A little boy during the war, Casaro grew up during the difficult years of postwar Italy. A teenager surrounded by corruption, political chaos, shortages and a struggle to rebuild the economy, he found his own sanctuary in the cheap plush of local cinema theaters. Unfortunately, movies don’t last long and a boy cannot watch every one. Sometimes he cannot afford the tickets, sometimes they won’t let him in. But, fortunately there are always posters and billboards, translating the whole, almost mystical experience into a singular drawing that can be watched anytime and all the time - forever carrying the essence of the screen… Today the cinematic billboards mostly went out of use, although they still make a strong presence in Bollywood culture. Those large scale, hand-painted panels, put up next to or above the cinema entrances attracted local audiences presenting supersized, brash, and exaggerated versions of movie posters - which were sometimes quite exaggerated and brash on their own. Cesare found his own place in the fantastic world of movie posters, starting with asking the staff to give him the extra ones so he could later learn how to make them by painstakingly copying one after another. After developing his workshop, he made a deal with the owner of Cinema Garibaldi in Treviso - he would paint the billboards based on posters, and for that he will be allowed to watch movies for free.

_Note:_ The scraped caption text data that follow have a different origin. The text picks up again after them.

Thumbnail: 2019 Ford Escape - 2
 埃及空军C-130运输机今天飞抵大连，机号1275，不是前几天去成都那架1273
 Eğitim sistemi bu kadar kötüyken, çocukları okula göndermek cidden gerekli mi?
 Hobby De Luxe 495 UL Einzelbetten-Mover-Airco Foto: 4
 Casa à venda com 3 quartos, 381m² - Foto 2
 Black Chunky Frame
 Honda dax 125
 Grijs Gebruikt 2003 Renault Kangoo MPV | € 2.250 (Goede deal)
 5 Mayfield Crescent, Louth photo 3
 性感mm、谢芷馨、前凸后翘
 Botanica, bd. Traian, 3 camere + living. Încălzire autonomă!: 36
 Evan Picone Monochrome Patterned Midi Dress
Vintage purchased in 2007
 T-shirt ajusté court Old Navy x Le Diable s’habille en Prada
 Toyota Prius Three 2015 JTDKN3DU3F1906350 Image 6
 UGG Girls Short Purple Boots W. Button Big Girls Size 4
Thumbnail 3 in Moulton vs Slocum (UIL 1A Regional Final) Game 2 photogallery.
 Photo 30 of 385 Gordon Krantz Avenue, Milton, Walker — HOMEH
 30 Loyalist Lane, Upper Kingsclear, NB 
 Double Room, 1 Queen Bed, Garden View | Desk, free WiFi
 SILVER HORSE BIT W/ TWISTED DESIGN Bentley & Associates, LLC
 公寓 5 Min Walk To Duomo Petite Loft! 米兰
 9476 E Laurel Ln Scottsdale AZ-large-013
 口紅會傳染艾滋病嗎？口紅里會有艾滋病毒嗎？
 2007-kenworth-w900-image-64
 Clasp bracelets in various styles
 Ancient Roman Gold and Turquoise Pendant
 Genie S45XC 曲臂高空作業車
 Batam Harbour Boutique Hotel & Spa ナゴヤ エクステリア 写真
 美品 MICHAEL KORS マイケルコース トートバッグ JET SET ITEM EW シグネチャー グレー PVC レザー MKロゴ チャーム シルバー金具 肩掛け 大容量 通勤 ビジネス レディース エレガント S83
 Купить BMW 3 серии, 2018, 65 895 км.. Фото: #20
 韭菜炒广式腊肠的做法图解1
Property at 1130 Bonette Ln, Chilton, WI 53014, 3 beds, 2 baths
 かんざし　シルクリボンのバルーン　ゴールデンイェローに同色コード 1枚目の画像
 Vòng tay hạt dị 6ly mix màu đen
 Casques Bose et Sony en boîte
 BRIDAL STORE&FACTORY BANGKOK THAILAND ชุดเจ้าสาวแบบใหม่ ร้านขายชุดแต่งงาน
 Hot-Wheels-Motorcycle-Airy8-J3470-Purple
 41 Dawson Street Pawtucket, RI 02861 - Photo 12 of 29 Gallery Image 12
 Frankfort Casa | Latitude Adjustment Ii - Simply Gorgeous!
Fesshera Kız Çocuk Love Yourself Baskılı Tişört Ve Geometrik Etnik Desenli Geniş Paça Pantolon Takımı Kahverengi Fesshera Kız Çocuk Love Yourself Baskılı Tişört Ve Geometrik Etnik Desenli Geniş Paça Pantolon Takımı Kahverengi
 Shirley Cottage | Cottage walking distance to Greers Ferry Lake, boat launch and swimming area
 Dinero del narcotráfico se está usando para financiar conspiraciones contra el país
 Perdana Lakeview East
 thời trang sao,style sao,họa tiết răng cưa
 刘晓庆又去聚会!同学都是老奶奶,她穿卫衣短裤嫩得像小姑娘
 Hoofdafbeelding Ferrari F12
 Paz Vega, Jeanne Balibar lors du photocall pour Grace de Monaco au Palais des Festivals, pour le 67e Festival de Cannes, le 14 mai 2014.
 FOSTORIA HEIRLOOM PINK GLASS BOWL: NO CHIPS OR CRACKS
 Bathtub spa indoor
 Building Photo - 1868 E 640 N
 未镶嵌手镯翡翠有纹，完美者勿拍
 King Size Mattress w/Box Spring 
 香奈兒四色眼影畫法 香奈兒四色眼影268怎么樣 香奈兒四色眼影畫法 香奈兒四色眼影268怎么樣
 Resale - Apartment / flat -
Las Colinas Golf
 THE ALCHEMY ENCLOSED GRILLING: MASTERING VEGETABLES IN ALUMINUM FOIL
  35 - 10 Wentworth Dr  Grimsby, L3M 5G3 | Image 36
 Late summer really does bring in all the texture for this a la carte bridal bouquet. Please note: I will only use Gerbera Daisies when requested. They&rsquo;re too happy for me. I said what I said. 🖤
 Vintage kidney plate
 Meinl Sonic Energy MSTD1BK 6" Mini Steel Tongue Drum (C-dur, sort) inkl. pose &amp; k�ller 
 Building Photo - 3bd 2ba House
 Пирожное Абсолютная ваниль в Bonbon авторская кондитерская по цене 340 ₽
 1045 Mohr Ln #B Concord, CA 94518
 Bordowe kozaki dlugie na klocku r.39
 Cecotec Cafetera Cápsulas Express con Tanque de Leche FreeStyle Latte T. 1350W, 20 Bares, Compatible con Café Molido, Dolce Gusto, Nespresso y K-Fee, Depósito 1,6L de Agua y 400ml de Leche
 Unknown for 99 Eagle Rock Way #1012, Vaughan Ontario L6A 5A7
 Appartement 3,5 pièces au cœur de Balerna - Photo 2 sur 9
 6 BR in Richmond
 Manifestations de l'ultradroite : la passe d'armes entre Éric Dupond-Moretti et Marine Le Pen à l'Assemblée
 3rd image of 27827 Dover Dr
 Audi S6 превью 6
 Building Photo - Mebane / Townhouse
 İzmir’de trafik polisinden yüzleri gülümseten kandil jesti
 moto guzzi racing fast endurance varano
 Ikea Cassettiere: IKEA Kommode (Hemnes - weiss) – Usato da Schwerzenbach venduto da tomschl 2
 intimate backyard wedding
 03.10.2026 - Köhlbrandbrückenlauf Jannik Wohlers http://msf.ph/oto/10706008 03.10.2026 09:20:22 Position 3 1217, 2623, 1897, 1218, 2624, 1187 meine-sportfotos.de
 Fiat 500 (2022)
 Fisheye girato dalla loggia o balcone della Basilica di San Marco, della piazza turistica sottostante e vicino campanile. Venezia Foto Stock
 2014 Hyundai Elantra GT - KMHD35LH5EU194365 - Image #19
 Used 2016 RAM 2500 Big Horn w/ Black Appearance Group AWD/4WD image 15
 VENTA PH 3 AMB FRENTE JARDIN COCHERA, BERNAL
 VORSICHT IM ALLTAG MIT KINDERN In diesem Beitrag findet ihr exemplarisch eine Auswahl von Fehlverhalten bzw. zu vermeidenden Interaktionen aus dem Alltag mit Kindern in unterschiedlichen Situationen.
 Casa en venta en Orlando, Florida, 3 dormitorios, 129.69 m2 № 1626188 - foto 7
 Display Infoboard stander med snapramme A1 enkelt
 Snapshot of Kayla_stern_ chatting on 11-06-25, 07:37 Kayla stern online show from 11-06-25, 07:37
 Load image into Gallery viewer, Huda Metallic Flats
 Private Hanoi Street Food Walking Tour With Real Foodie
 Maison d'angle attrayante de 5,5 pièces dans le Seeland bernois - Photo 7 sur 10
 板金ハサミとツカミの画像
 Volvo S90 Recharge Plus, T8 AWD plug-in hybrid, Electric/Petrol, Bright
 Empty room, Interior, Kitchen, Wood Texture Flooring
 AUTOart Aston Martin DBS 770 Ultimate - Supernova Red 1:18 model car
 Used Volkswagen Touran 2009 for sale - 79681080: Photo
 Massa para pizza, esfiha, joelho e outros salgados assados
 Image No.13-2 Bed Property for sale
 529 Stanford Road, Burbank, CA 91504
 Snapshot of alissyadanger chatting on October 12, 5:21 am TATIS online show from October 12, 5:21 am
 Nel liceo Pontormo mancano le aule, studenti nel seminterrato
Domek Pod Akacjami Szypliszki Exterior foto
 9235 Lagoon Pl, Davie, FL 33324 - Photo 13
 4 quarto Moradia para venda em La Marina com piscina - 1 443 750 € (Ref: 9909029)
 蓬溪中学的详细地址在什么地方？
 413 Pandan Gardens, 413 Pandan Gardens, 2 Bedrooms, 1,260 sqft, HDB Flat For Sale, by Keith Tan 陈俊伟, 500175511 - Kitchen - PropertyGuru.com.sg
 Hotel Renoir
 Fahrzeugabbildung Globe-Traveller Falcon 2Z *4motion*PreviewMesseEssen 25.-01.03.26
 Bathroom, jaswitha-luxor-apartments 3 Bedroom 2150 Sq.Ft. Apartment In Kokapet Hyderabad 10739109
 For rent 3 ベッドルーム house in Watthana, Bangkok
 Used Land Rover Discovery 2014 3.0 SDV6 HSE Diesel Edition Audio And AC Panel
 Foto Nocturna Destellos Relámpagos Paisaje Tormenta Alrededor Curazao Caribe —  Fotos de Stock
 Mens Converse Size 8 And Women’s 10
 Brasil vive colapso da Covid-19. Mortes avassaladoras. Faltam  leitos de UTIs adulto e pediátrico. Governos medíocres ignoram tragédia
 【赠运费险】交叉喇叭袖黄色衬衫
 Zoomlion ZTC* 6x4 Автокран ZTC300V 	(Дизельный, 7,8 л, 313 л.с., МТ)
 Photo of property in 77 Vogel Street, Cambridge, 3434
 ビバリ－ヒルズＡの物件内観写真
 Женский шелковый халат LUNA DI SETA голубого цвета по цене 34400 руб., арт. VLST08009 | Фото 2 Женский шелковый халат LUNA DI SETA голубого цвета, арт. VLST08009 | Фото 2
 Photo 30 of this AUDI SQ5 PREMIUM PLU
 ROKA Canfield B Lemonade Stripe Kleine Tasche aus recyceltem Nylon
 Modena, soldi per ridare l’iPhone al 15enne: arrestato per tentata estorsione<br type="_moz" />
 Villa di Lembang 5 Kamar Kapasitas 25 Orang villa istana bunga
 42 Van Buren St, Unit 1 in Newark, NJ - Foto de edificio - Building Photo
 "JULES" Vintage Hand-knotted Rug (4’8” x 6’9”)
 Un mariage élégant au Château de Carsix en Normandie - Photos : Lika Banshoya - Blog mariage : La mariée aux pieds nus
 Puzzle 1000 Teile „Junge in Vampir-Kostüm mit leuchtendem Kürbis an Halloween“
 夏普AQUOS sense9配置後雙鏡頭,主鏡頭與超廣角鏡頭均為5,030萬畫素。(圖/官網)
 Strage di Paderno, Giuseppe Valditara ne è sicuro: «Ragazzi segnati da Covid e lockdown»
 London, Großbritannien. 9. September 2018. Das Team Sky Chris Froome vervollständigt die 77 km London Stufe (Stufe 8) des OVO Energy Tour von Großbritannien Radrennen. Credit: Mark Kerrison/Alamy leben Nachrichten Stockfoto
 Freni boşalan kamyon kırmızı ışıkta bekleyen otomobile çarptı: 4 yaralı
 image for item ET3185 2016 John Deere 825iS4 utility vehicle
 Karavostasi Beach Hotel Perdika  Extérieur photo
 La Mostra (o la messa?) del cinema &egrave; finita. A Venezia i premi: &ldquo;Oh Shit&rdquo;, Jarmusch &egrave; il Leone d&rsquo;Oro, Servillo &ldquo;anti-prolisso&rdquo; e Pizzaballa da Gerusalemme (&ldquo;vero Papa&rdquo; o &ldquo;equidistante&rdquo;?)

What happened later was only natural. At the age of 18, Renato Casaro, a self-taught, young designer, joined Augusto Favalli’s graphic design studio. Studio Favalli, at the time a leading creator of posters for the Cinecittà, was located in the heart of Rome, on Via Margutta, halfway between Piazza del Popolo and Spanish Steps. Prestigious as it was, for Casaro it was a kind of artistic internship that let him master all the nuances of his chosen art and understand the mechanics of the market.
Three years later, only 21 years old, he opened his own studio in Rome becoming the youngest professional movie poster artist in Italy. His first commission was a poster for Romeo and Juliet, a 1955 Soviet Mosfilm ballet movie, directed by Lev Arnshtam and choreographed by Leonid Lavrovsky. The same year, Romeo and Juliet entered the 1955 Cannes Film Festival, won the Best Lyrical Film award and was nominated for the Palme d'Or. The rest was history…
Over the next few decades Renato Casaro, un ragazzo trevigiano, became one of the most prominent movie poster artists in Italy, and the one who really made it in Hollywood.
It would be a bit of a cliché to say that he possessed a unique skill to transfer the soul of a film, through his drawings, into a poster. In truth, what he does is much more subtle. He gives form to his own feelings evoked by a movie, while at the same time attuning his own perception to those of millions of other viewers in Italy, and in the world. What he draws is a material form of a shared imagination, a communal, social view of a movie.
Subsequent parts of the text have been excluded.